Exercise description: Beginning at the line that mentions "Women's French Vintage", retype the rest of the records below exactly. Pictures are not part of the copy.

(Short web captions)

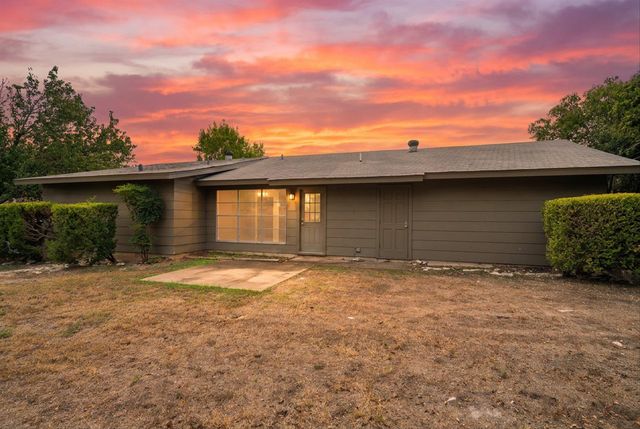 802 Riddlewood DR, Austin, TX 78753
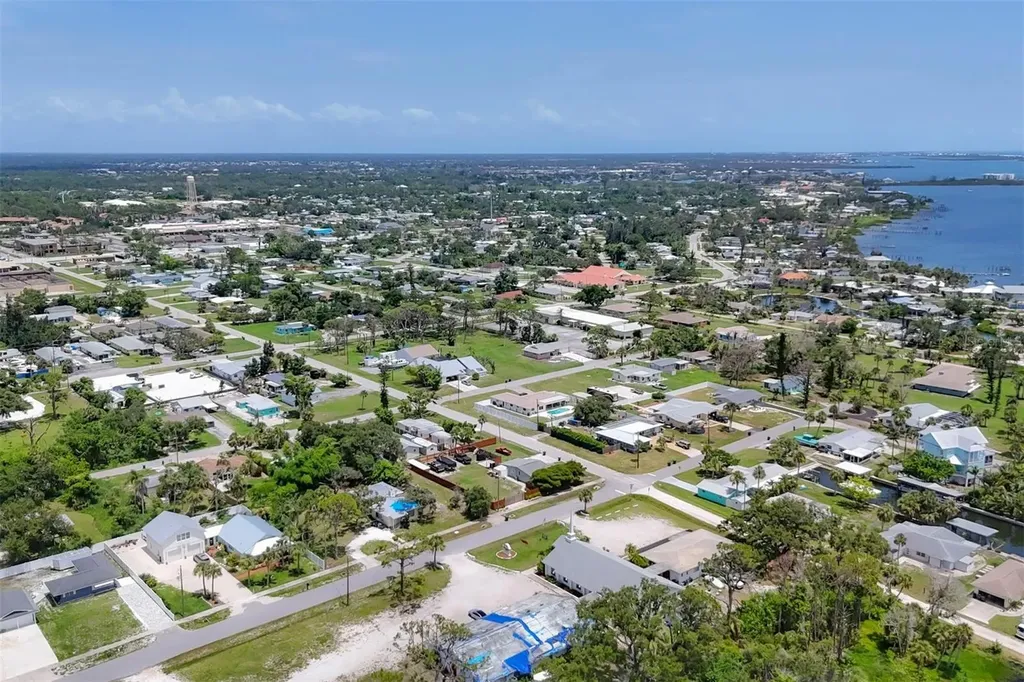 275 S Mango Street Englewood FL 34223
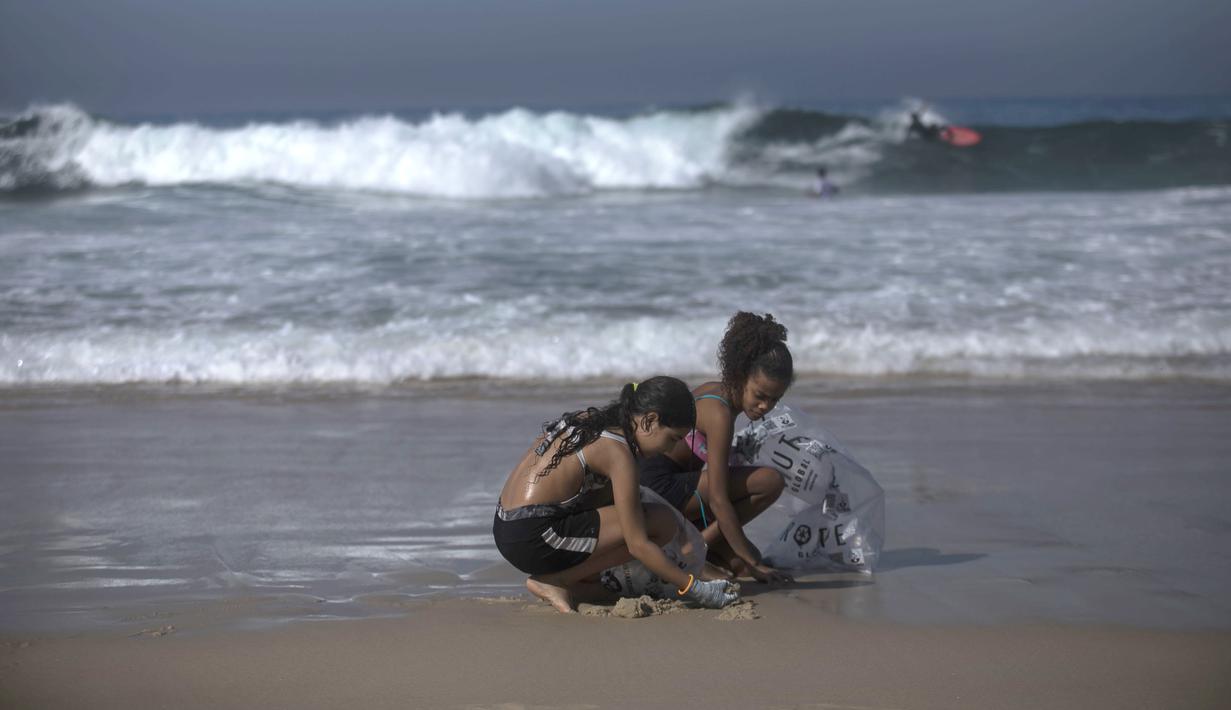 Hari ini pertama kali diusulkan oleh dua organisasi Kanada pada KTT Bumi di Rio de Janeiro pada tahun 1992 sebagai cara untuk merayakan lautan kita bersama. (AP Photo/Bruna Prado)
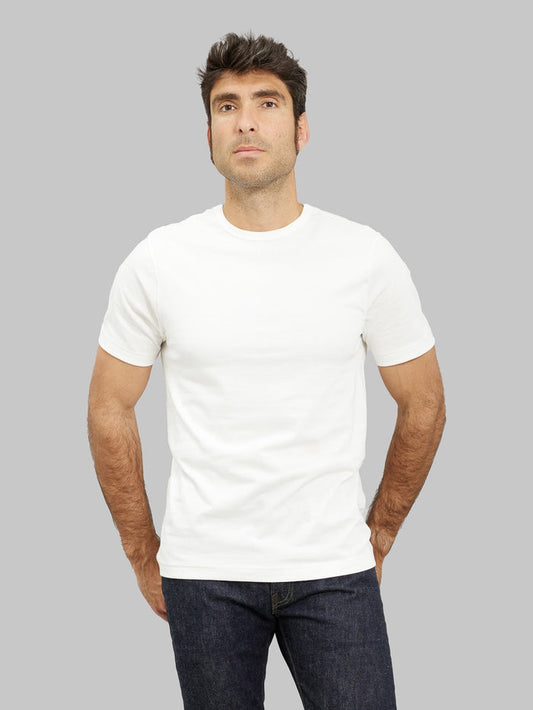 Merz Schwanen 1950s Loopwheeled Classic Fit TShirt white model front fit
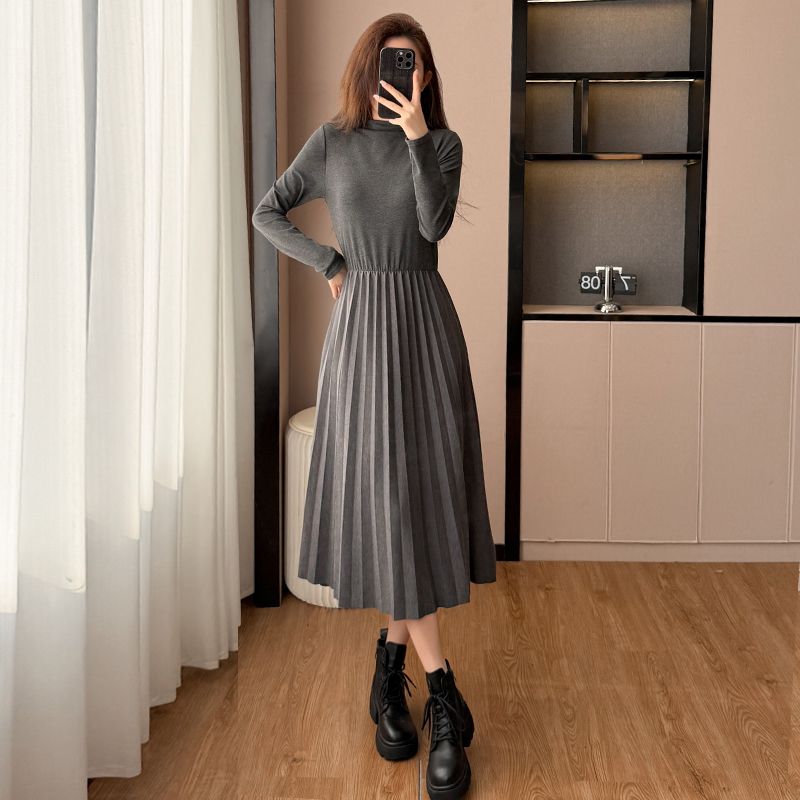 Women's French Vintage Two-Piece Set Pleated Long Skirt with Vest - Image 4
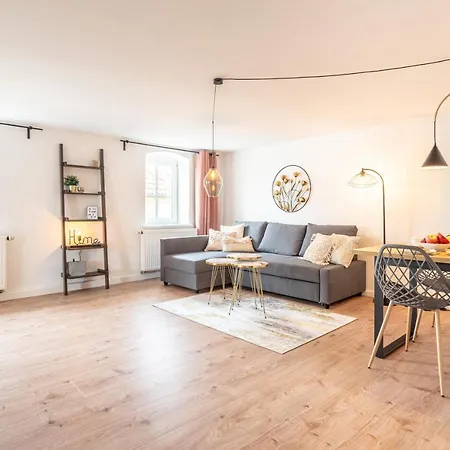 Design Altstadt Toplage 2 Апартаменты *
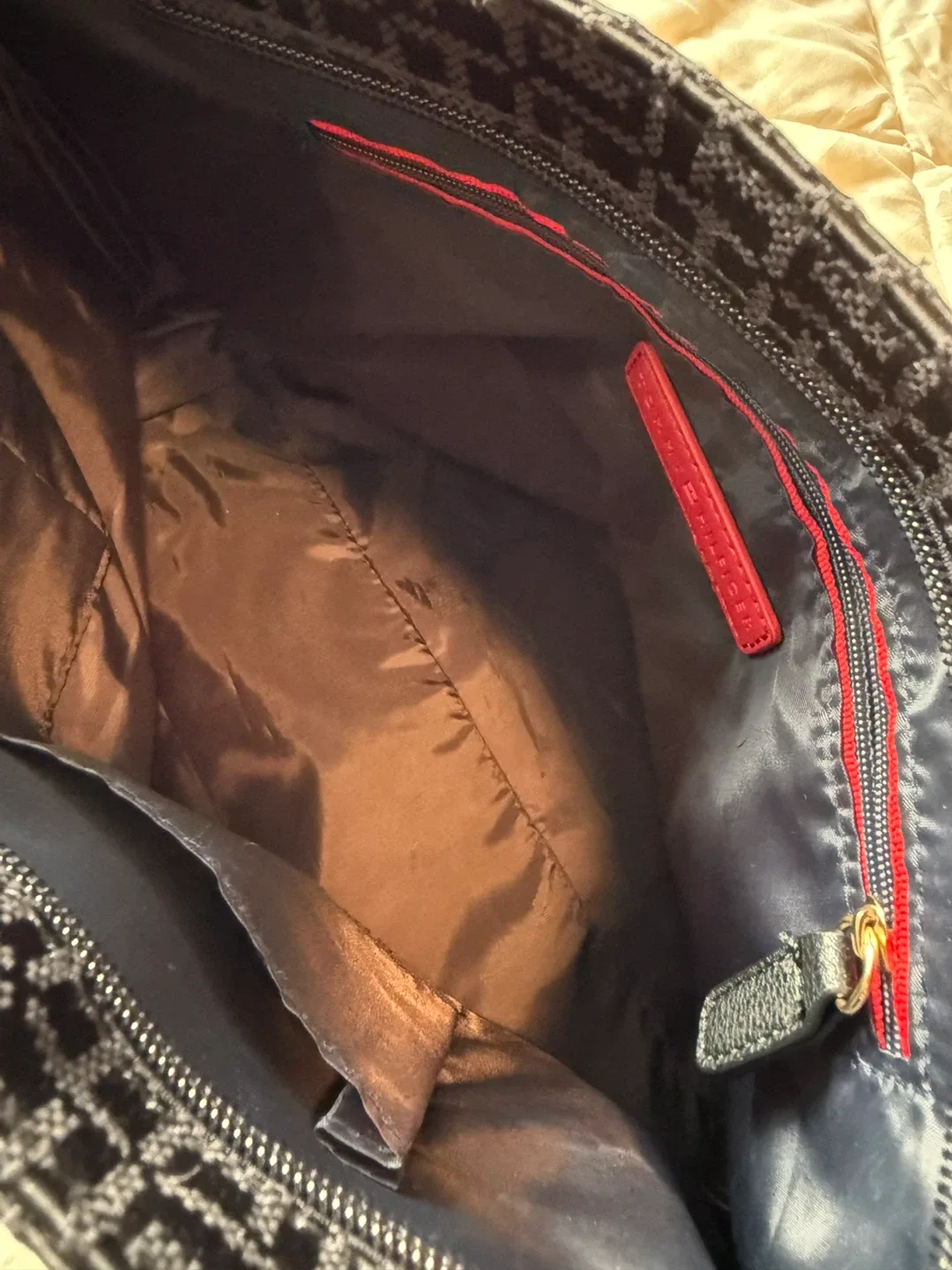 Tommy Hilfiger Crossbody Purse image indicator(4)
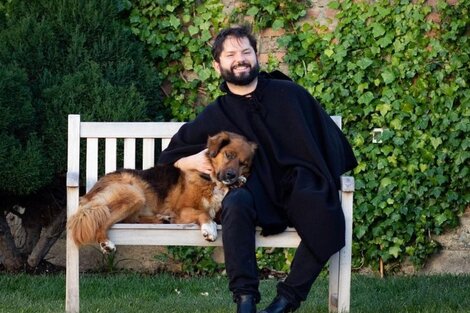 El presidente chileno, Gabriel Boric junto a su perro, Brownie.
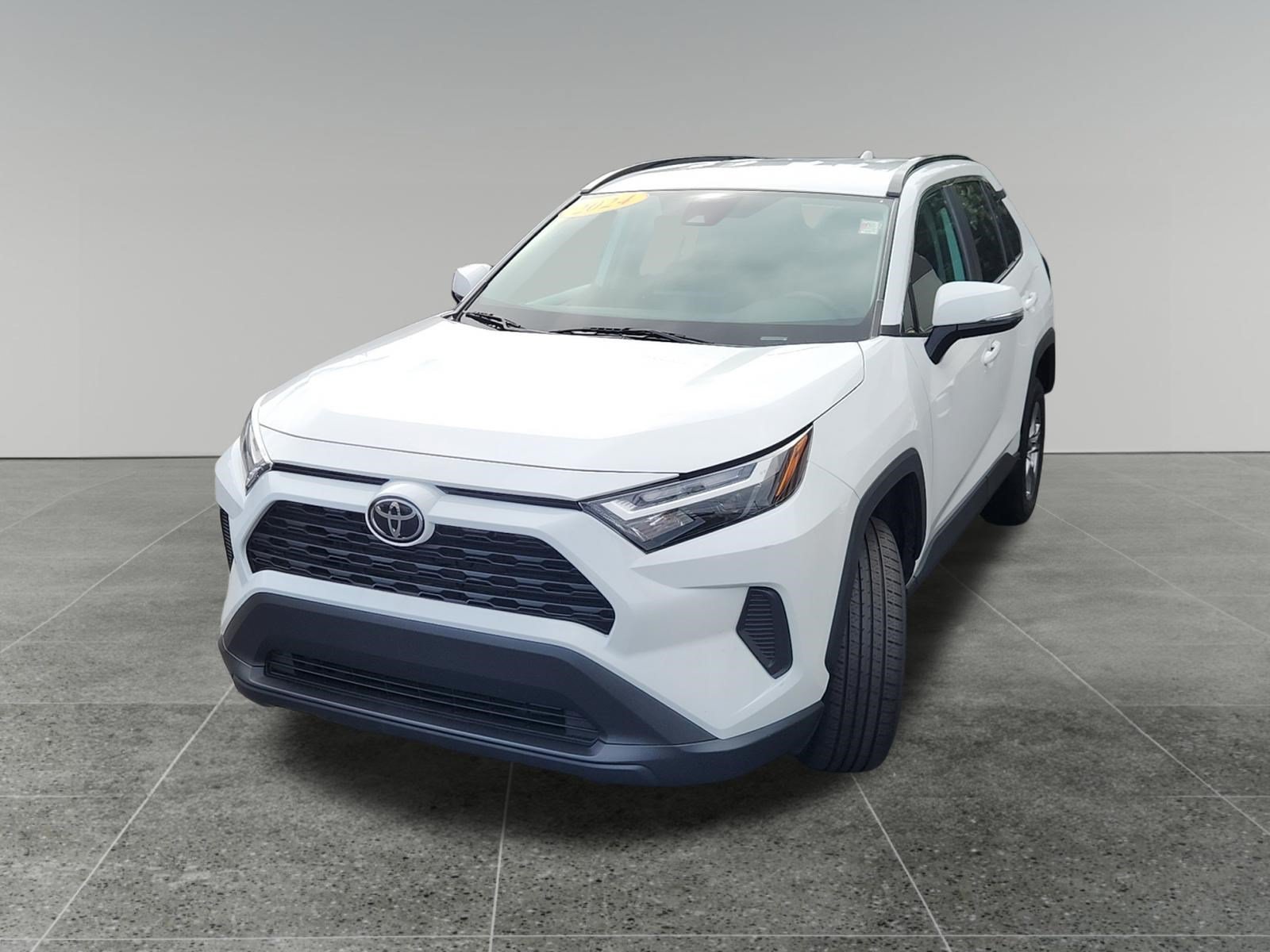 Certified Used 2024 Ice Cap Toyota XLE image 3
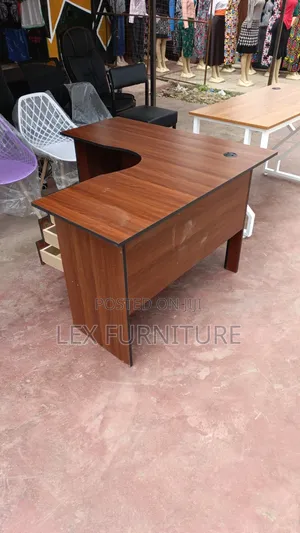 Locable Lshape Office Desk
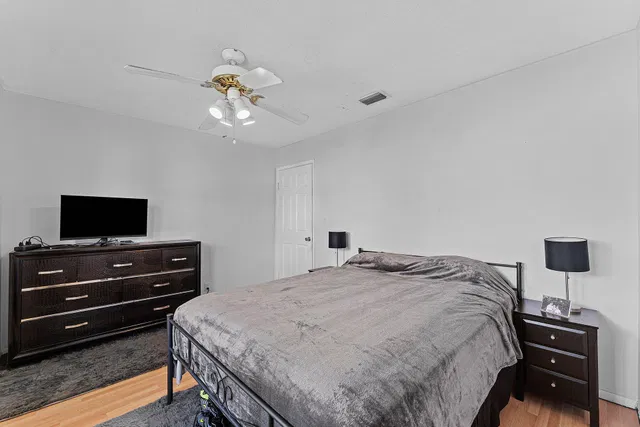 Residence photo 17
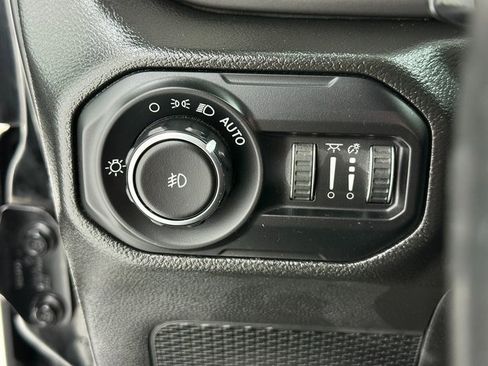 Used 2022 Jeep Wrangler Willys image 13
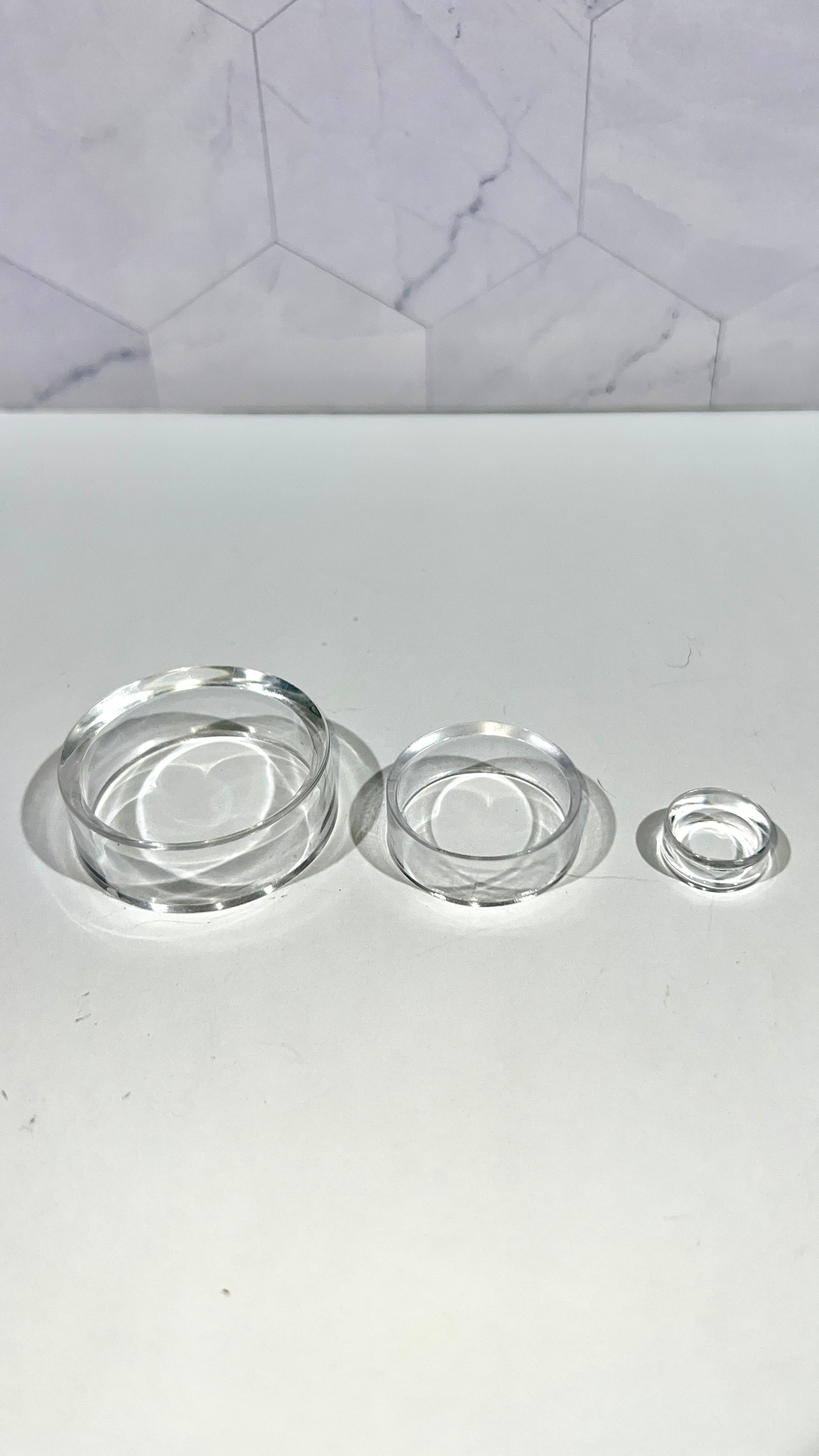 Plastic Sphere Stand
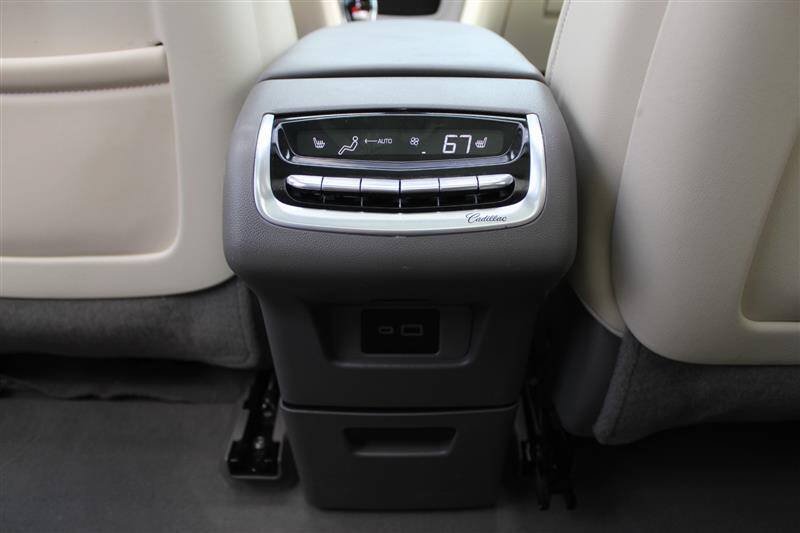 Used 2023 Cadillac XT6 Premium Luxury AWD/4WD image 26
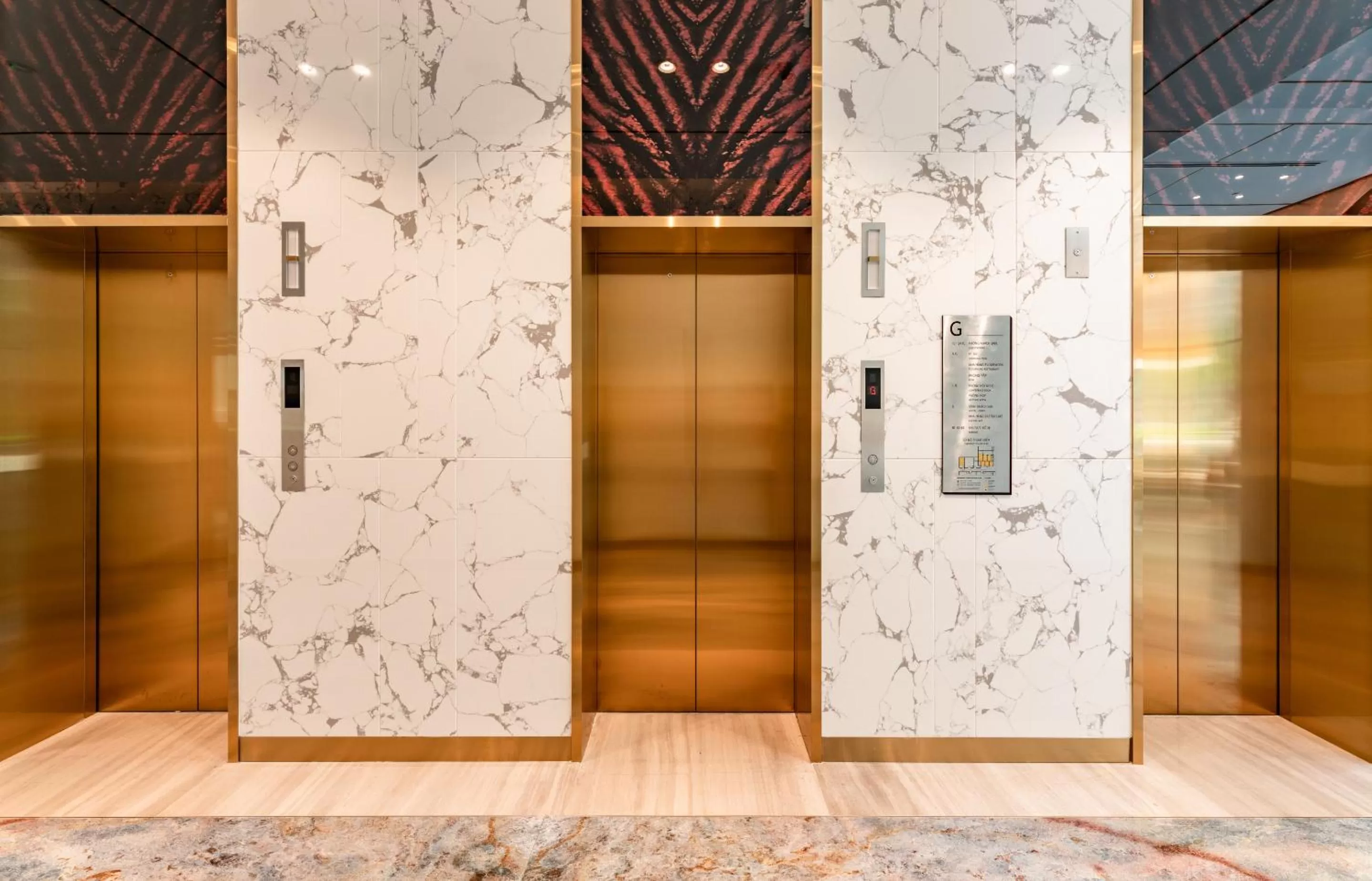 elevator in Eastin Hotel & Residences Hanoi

Solution to the problem:
 Women's French Vintage Two-Piece Set Pleated Long Skirt with Vest - Image 4
 Design Altstadt Toplage 2 Апартаменты *
 Tommy Hilfiger Crossbody Purse image indicator(4)
 El presidente chileno, Gabriel Boric junto a su perro, Brownie.
 Certified Used 2024 Ice Cap Toyota XLE image 3
 Locable Lshape Office Desk
 Residence photo 17
 Used 2022 Jeep Wrangler Willys image 13
 Plastic Sphere Stand
 Used 2023 Cadillac XT6 Premium Luxury AWD/4WD image 26
 elevator in Eastin Hotel & Residences Hanoi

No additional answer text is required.